The Open Mechanical Engineering Journal

2015, 9 : 733-738
Published online 2015 September 28. DOI: 10.2174/1874155X01509010733
Publisher ID: TOMEJ-9-733

Flow Characteristic of Hydraulic Headbox Based on Complementary Pulp Distribution

Liu Wei and Ji Xiaohui
College of Mechanical and Electrical Engineering, Guangdong University of Petrochemical Technology, Maoming, Liaoning, 525000, P.R. China.

ABSTRACT

In order to study the effect of complementary pulp distribution, computational fluid dynamic (CFD) was used to research on flow characteristic of hydraulic headbox based on complementary pulp distribution. Mass flow rate out of mixing chamber and velocity distribution at slice of headbox were experimented. The results show that because of simplified design, there was a little gradient of velocity and pressure which caused non uniform distribution of mass flow rate out of branch pipes. Distribution of mass flow rate was ascended from inlet of header to outlet and the deviation was - 2.33% and 1.82%. There was intense interference between the jets of branch pipes in mixing chamber and the jets could be sufficiently and complementarily mixed in rows and ranks.
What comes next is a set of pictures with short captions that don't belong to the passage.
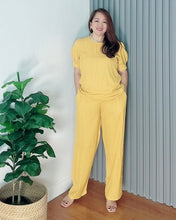 Load image into Gallery viewer, *Kendra Plain Mustard Coordinates 0167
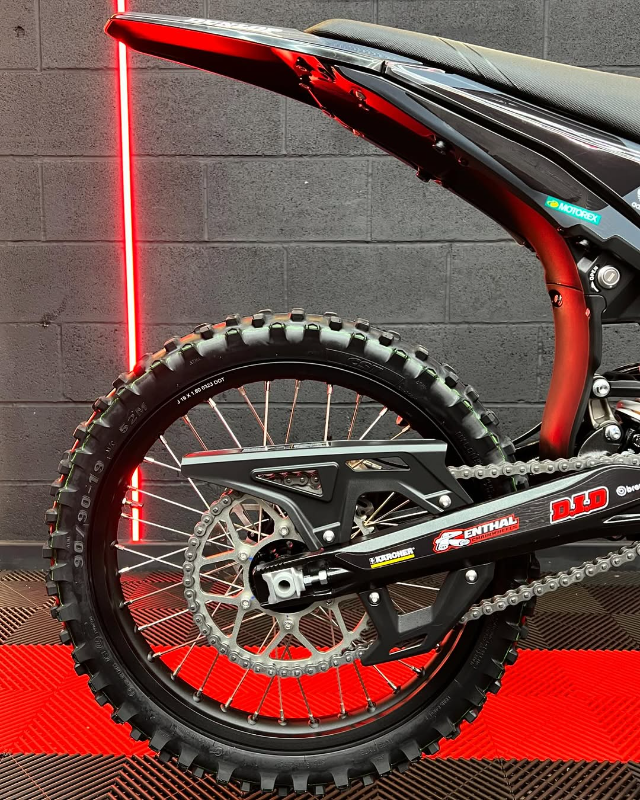 PREMIUM REPLICA - SUR-RON ULTRA BEE RED BULL EDITION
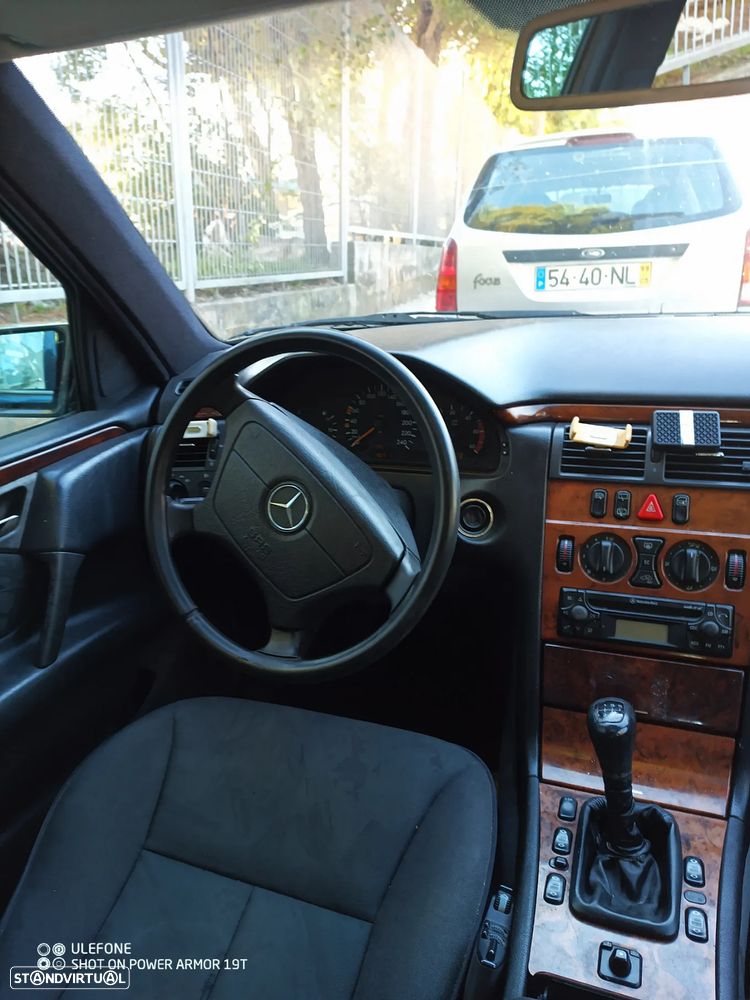 Mercedes-Benz E 220 CDI Elegance - 5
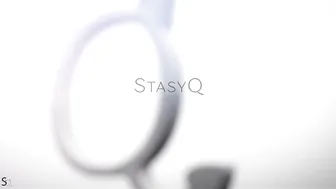 StasyQ brought herself to squirt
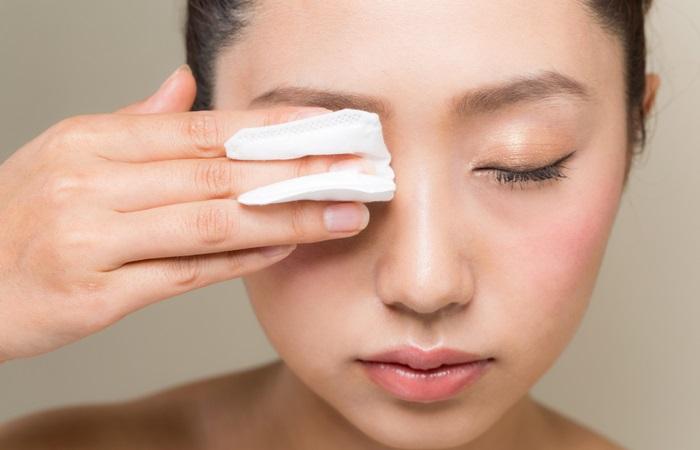 How to get eyelash glue off clothes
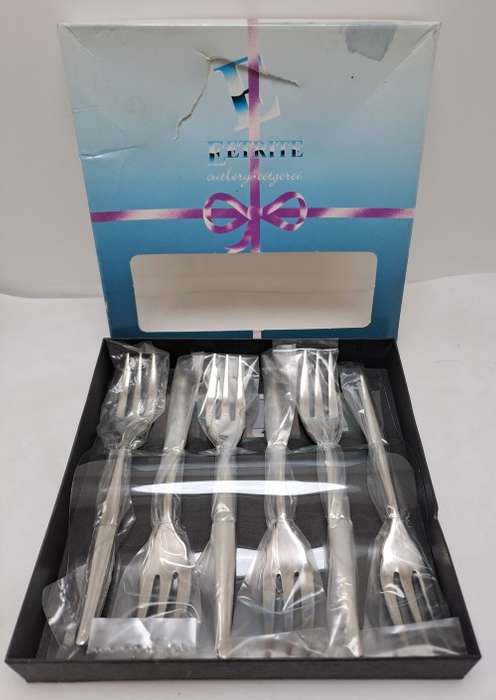 6 Eetrite Cake Forks  still in Packaging -Unused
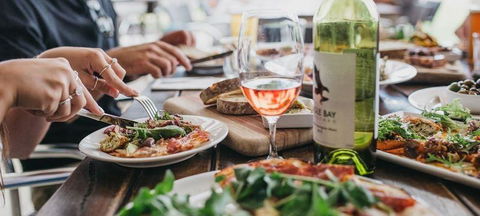 Mt Henry Tavern - Accommodation Mooloolaba 0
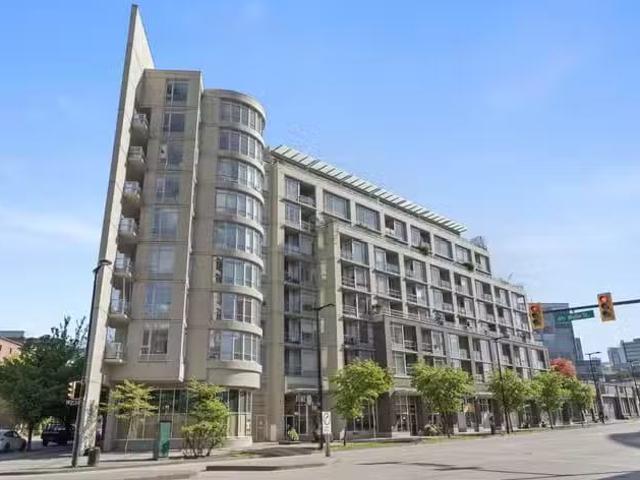Apartment for sale in Vancouver, Vancouver West, 304 2055 Yuko.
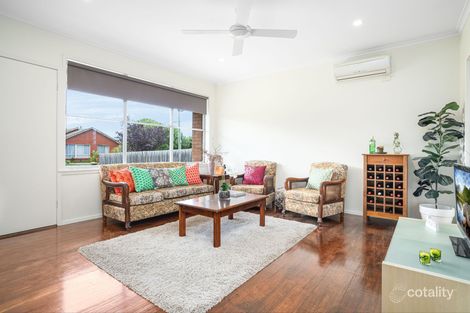 Property photo of 22 Fidge Crescent Breakwater VIC 3219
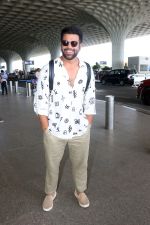 Rithvik Dhanjani wearing sunglasses white shirt khaki pant  (2)_647ac8917f8e0.jpg
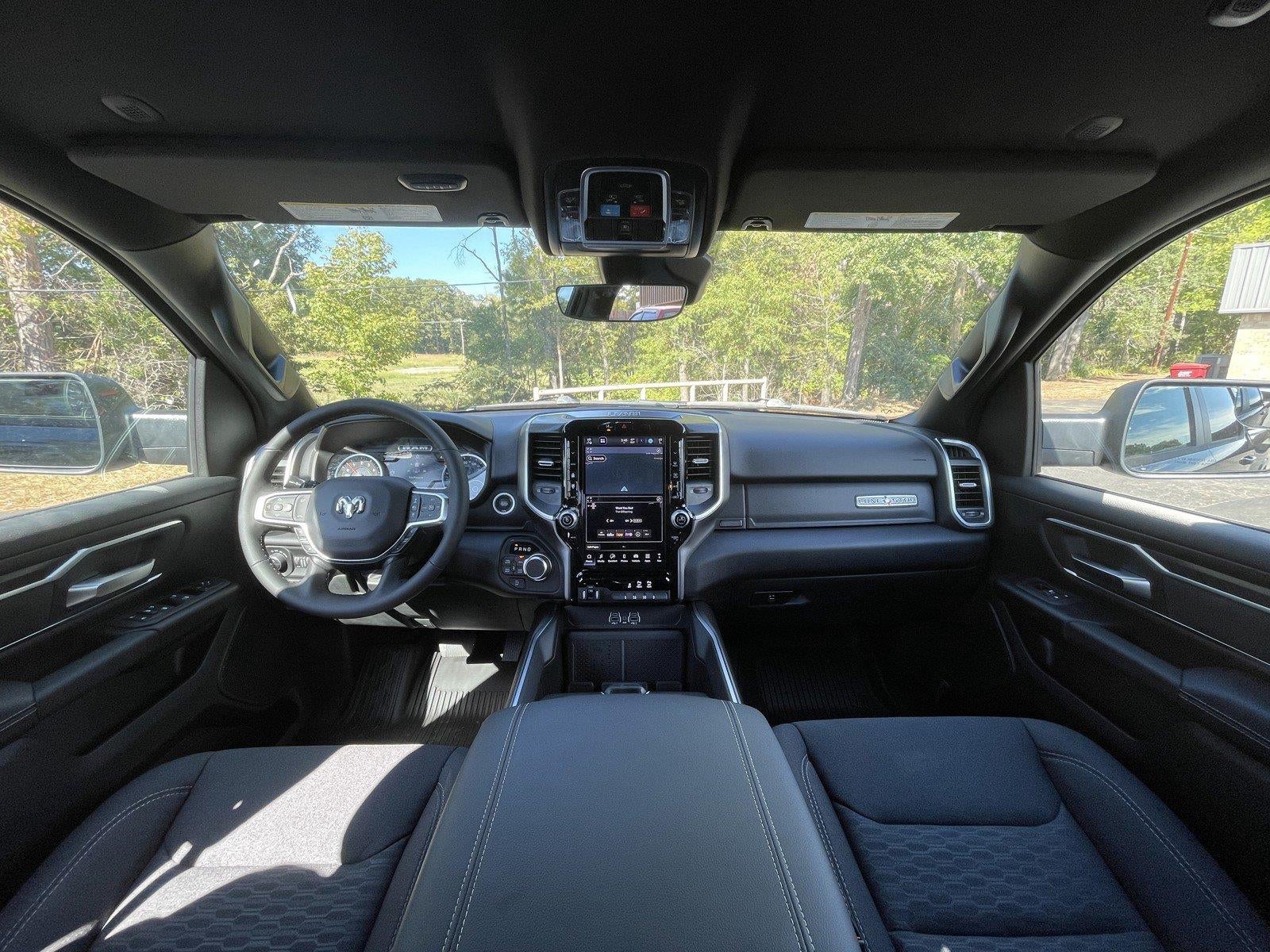 2026 RAM Ram 1500 RAM 1500 LONE STAR CREW CAB 4X4 5'7' BOX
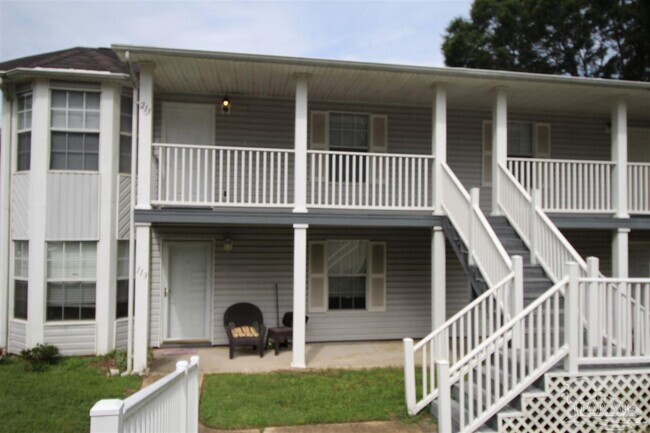 Building Photo - 1500 E Johnson Ave Rental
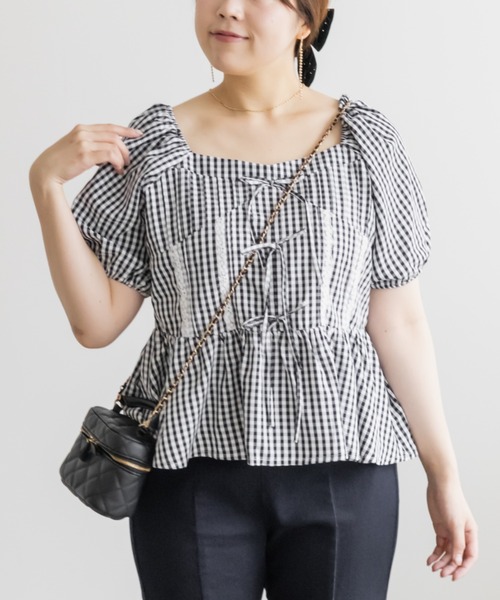 CLETTE(クレット)の「CLETTEオリジナルレース使いピンタックブラウス(シャツ/ブラウス・レディース・イエロー/ブラック/ブラック系その他・LL/3L/4L)」の1枚目の写真
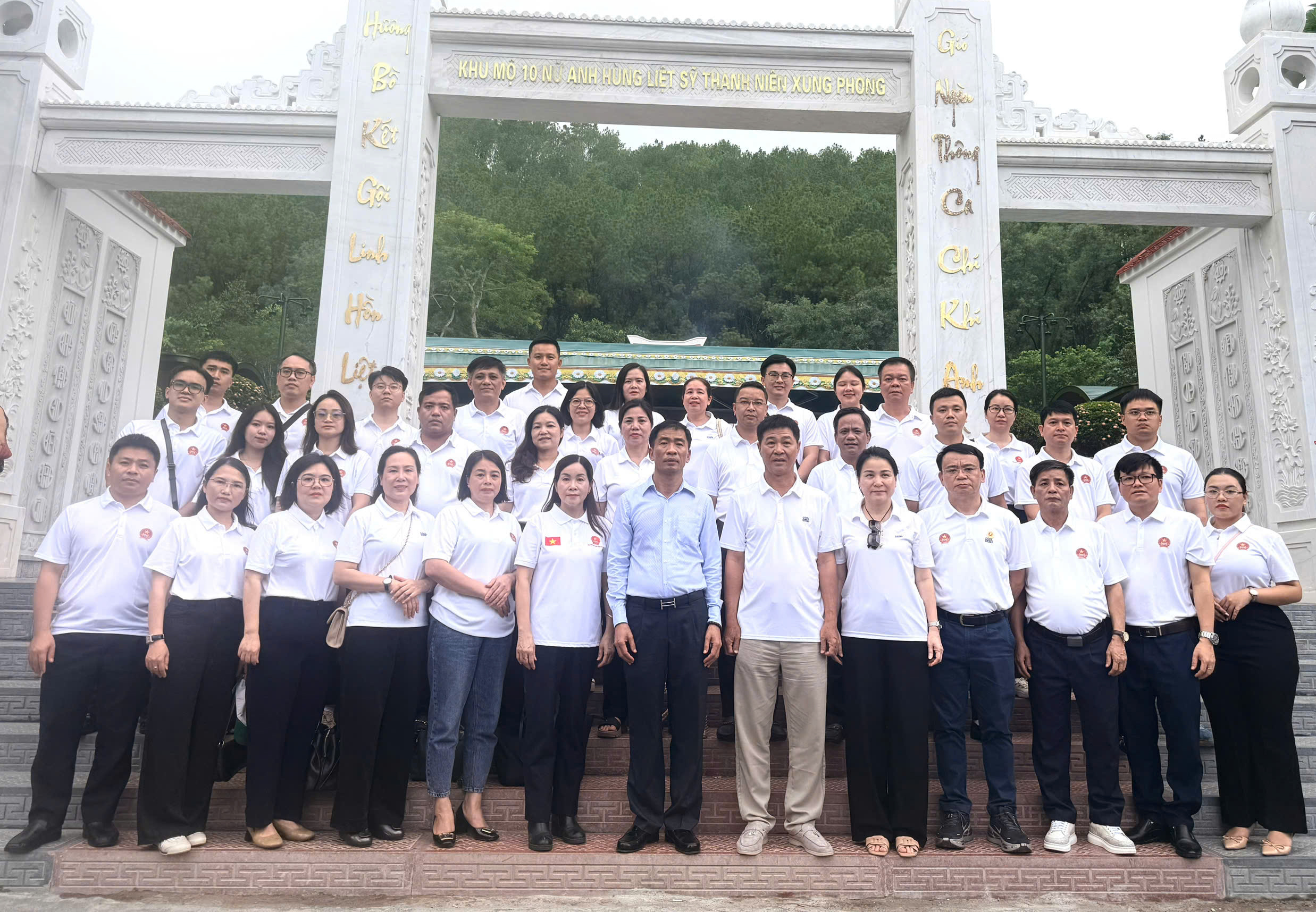 Chi bộ Vụ 1 VKSND tối cao tổ chức Chương trình về nguồn tại tỉnh Hà Tĩnh và Quảng Trị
But the interference in the jets caused the accumulation of the jets in the central section of mixing chamber and mass flow rate out of mixing chamber in the center was higher than the two sides, and the maximum deviation was 0.538%. Distribution of velocity of pulp stock at slice of headbox was very gentle and curve of distribution presented only slight fluctuation. The maximum deviation of velocity was only 0.175%. From the results of the experiment, the test values of mass flow rate out of mixing chamber were inosculated with the calculated values and tested values of velocity at the slice of headbox were in accordance with the calculated values. The results of experiment explained that the method of complementary pulp distribution was reasonable and could obviously improve performance of pulp distribution of hydraulic headbox.

Keywords:

Complementary pulp distribution, computational fluid dynamic, flow, hydraulic headbox, numerical simulation.